It is important to differentiate preganglionic from postganglionic Horner’s syndrome, because lesions that result in postganglionic Horner’s syndrome are usually benign (usually vascular in nature), in contrast to those resulting in preganglionic Horner’s syndrome.
In general, the treatment for Horner’s syndrome depends upon the underlying cause. In many cases there is no treatment that improves or reverses the condition. Treatment in acquired cases is directed toward eradicating the lesion that is responsible for the syndrome.
The ptosis may be treated surgically either by means of a posterior-approach Müller’s muscle resection or by means of a levator aponeurosis advancement procedure. It is very difficult to improve the slightly elevated position of the lower eyelid surgically. I believe a posterior-approach Müller’s muscle resection is the surgical procedure of choice for the management of ptosis in a patient with Horner’s syndrome.
A posterior-approach Müller’s muscle resection is the surgical procedure of choice for the management of ptosis in a patient with Horner’s syndrome.
Myasthenia gravis is an autoimmune disorder caused by antibodies to the acetylcholine receptors of the motor endplate of voluntary muscles. The antibodies block access of the neurotransmitter acetylcholine to the receptors. The hallmarks of the disorder are variable muscular weakness and fatigue on exercise. Myasthenia may be generalized and may threaten the muscles of respiration (myasthenia gravis), or it may be localized to the eyes (ocular myasthenia).
Approximately 30% of patients present with ocular signs and symptoms (ptosis and diplopia), whereas 80% to 90% of patients have ocular signs at the time of diagnosis. Thyroid disorders may be seen in as many as 10% of patients with myasthenia gravis, and symptoms of hyperthyroidism or hypothyroidism may also be present.
If the symptoms and signs remain confined to the eyes for 3 years, progress to generalized myasthenia gravis is unlikely. Ptosis is the most common clinical manifestation of myasthenia. It may be unilateral or bilateral. Exercise of the levator palpebrae superioris muscle or sustained upgaze may provoke or worsen a ptosis. Attempted rapid saccades from downgaze to the primary position may provoke an overshoot of the upper eyelid above the superior limbus with a gradual fall of the lid to its original position (Cogan’s twitch sign). This is not, however, pathognomonic. There may be an associated weakness of the orbicularis oculi muscle, and the Bell’s phenomenon may be poor.
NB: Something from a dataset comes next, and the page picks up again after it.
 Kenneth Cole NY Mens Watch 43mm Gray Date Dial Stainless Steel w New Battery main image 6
The possible diagnosis of myasthenia should be contemplated in any patient with an acquired ptosis and normal pupils. The diagnosis may be confirmed by means of a Tensilon test (edrophonium chloride) (Fig. 7‑15). Tensilon is a short-acting anticholinesterase agent that increases the amount of acetylcholine available at the motor endplate when administered intravenously. In most cases it will temporarily and dramatically overcome the muscle weakness of myasthenia. Failure to do so, however, does not exclude the diagnosis. Precautions should be taken before performing the Tensilon test. Resuscitation equipment should be available and an intravenous cannula placed for venous access, because, very occasionally, edrophonium can cause a significant bradycardia, heart block, and asystole. Vital signs should be monitored before and during the test. Atropine should be drawn up and ready to administer in the event of the development of any of these adverse systemic events. A small intravenous test dose (2 mg) of Tensilon should be given and the response observed before injection of a further 8 mg to ensure there are no adverse side effects.
Other confirmatory tests can be performed, such as an acetylcholine receptor antibody assay, standard electromyography, single-fiber electromyography, and repetitive nerve stimulation electromyography to evaluate decremental responses.
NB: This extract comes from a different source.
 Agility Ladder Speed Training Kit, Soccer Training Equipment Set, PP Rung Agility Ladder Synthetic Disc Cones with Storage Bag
A very simple clinical test is the ice pack test. Cooling may improve neuromuscular transmission. In a patient with myasthenia gravis who has ptosis, placing crushed ice in a surgical glove over the eyelid for 2 minutes can lead to improvement of the ptosis.
Treatment of a patient with myasthenia should be undertaken by a neurologist. The treatment may involve the use of anticholinesterase agents, systemic steroids, immunosuppressants, or plasmapheresis. CT or MRI of the chest is highly accurate in detecting a thymoma. Every patient with myasthenia gravis should be screened for a thymoma. Thymectomy may be beneficial in some cases.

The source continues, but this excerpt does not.